### TASK:
Beginning with the line containing "Black Sequin Tassel" and ending with the line containing "Personalized Wooden Box", write out each line of the records below exactly; pictures and lines outside that range are left out.

### EXERCISE DATA:
+++

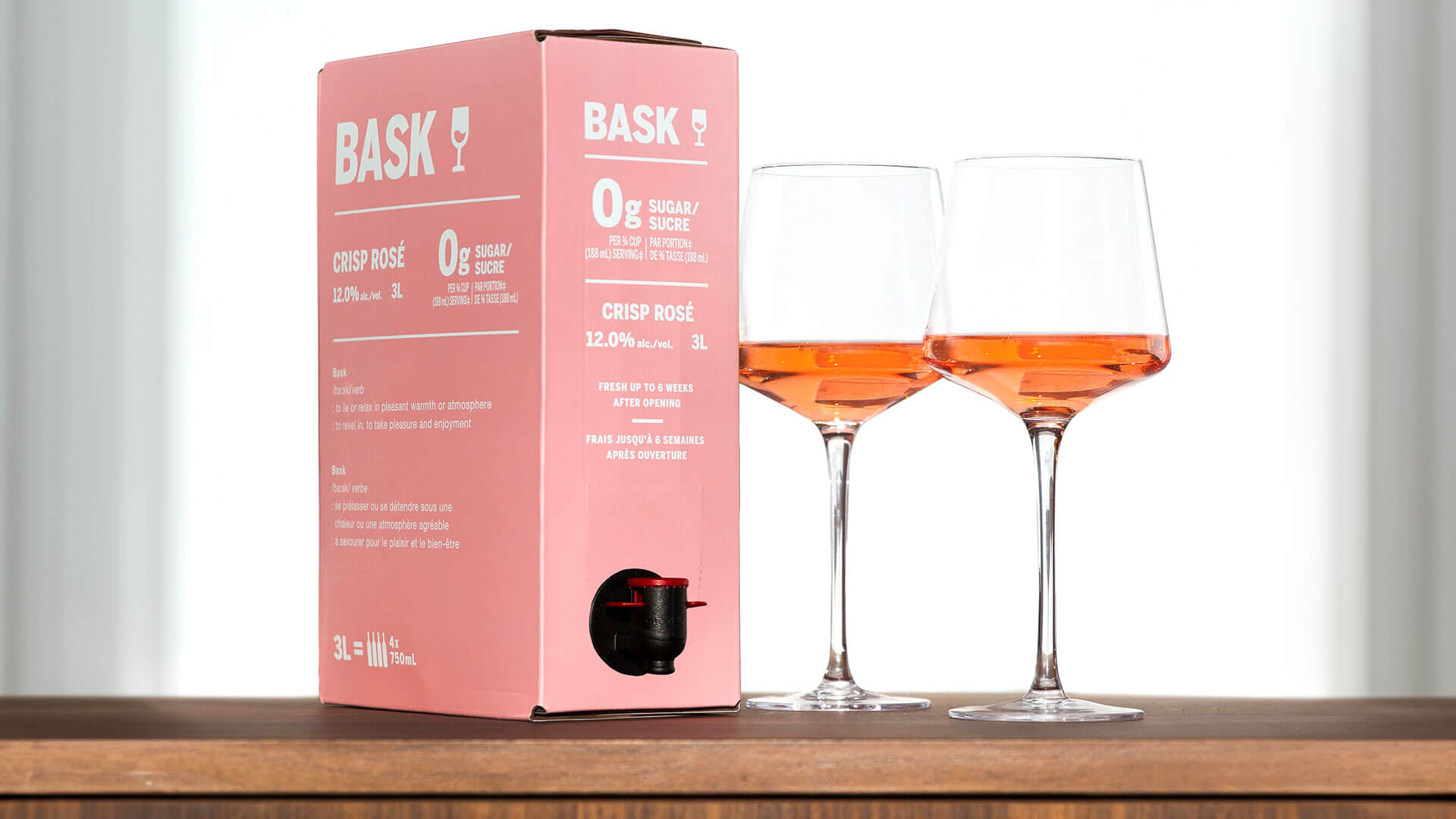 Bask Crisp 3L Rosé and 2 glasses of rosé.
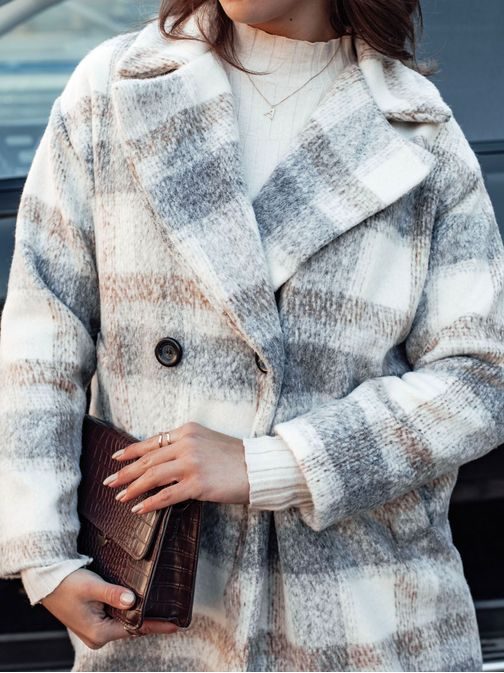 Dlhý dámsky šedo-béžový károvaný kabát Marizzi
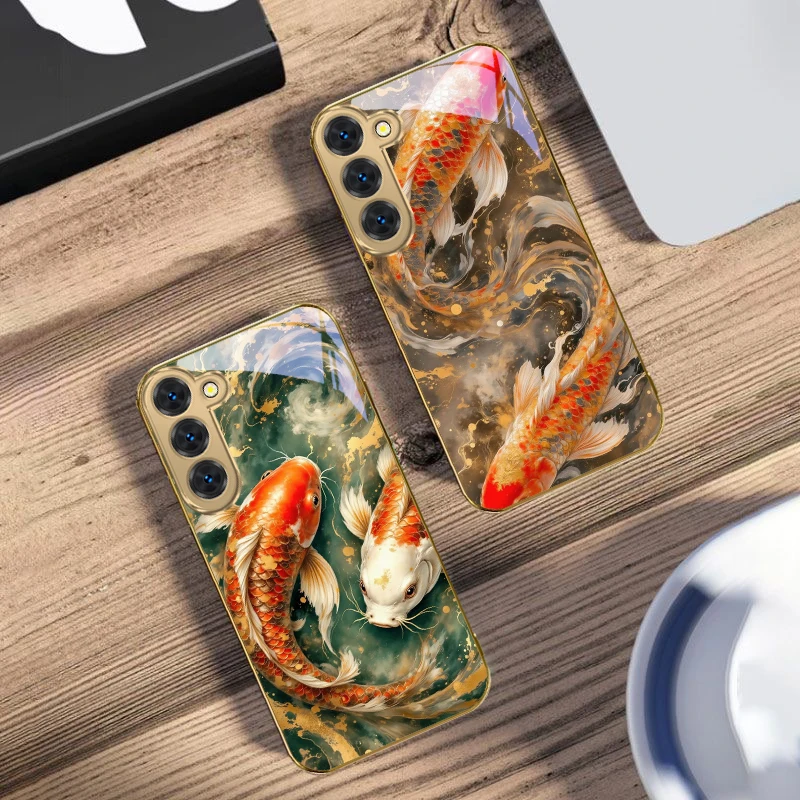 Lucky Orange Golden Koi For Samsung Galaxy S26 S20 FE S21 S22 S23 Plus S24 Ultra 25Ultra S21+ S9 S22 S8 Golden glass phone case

+++

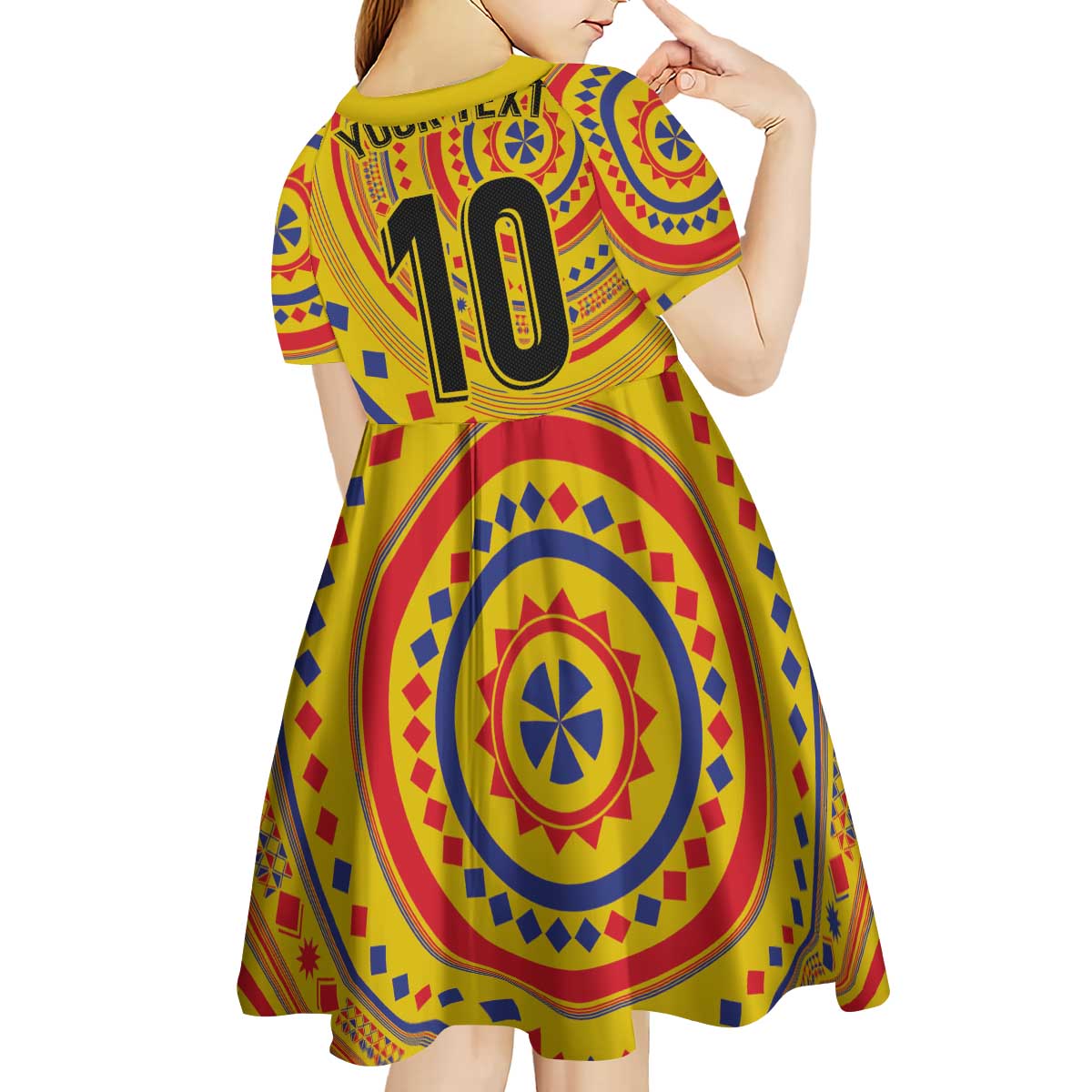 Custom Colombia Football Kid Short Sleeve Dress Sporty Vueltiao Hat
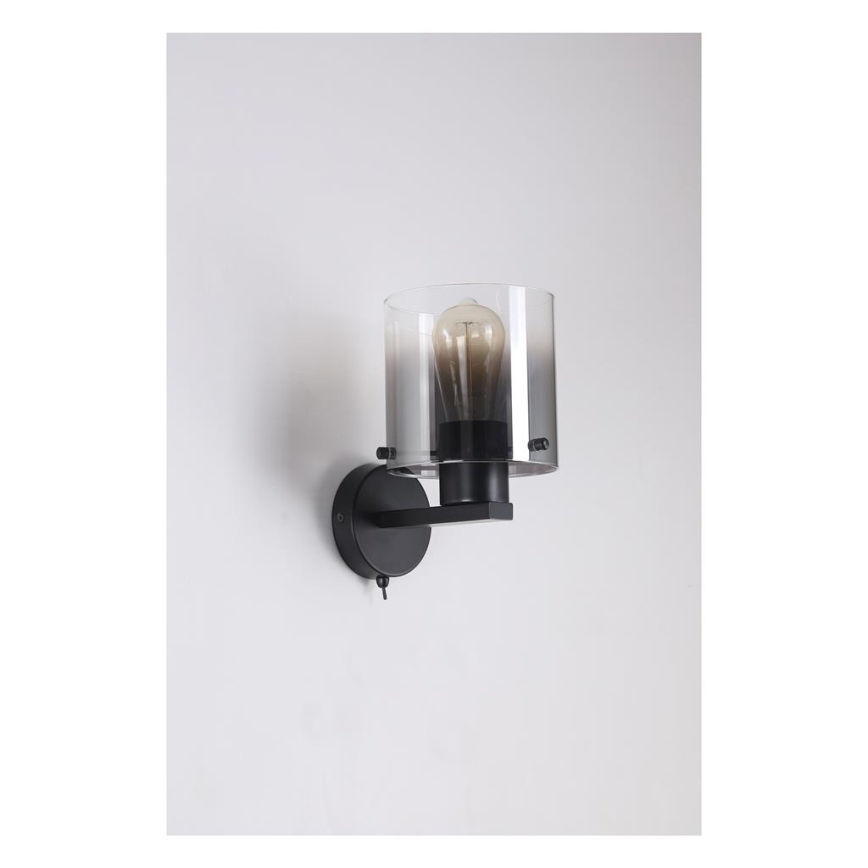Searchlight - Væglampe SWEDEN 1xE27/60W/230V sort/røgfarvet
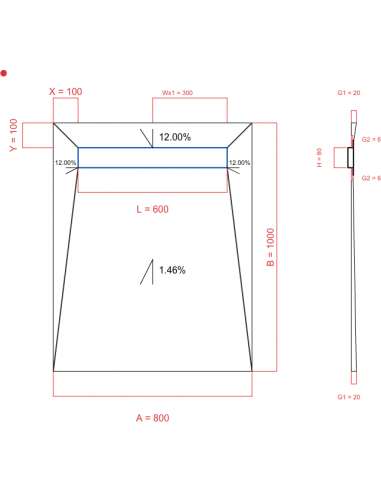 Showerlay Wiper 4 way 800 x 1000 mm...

+++

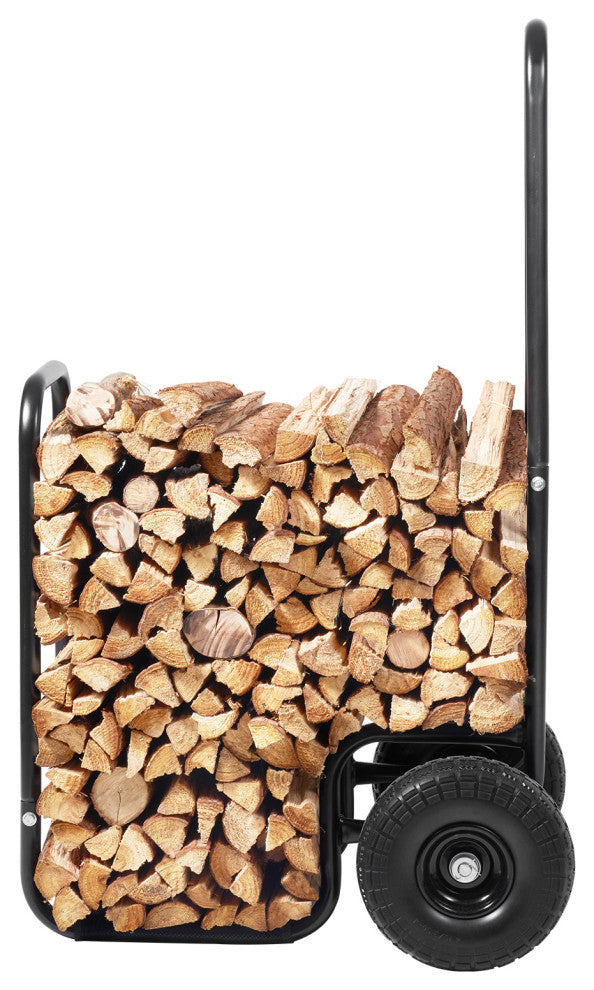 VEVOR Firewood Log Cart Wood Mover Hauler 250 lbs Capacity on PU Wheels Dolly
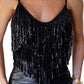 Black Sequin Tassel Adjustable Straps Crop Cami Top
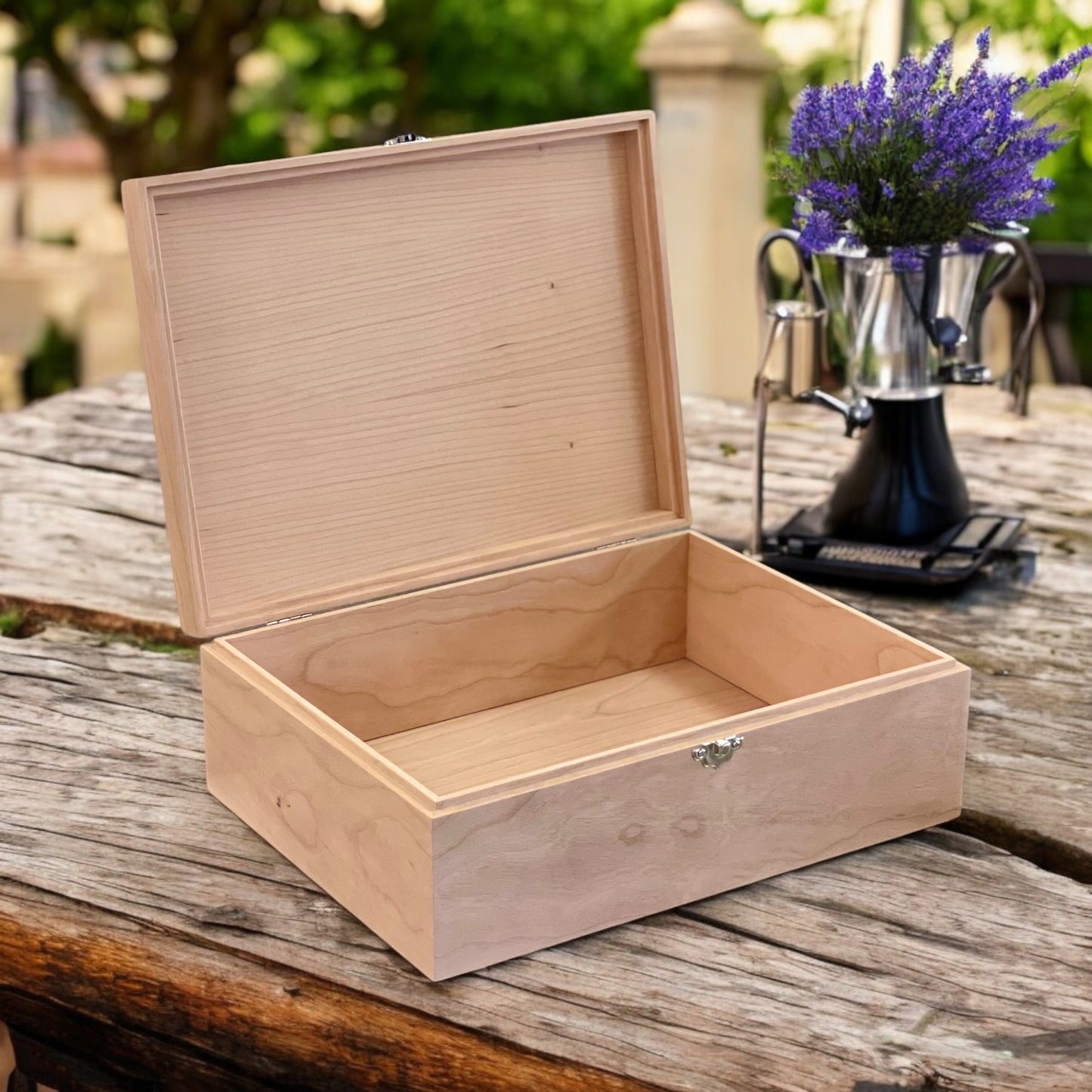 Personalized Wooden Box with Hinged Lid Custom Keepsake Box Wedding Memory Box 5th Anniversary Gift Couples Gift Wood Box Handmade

+++

### RESULT:
 Black Sequin Tassel Adjustable Straps Crop Cami Top
 Personalized Wooden Box with Hinged Lid Custom Keepsake Box Wedding Memory Box 5th Anniversary Gift Couples Gift Wood Box Handmade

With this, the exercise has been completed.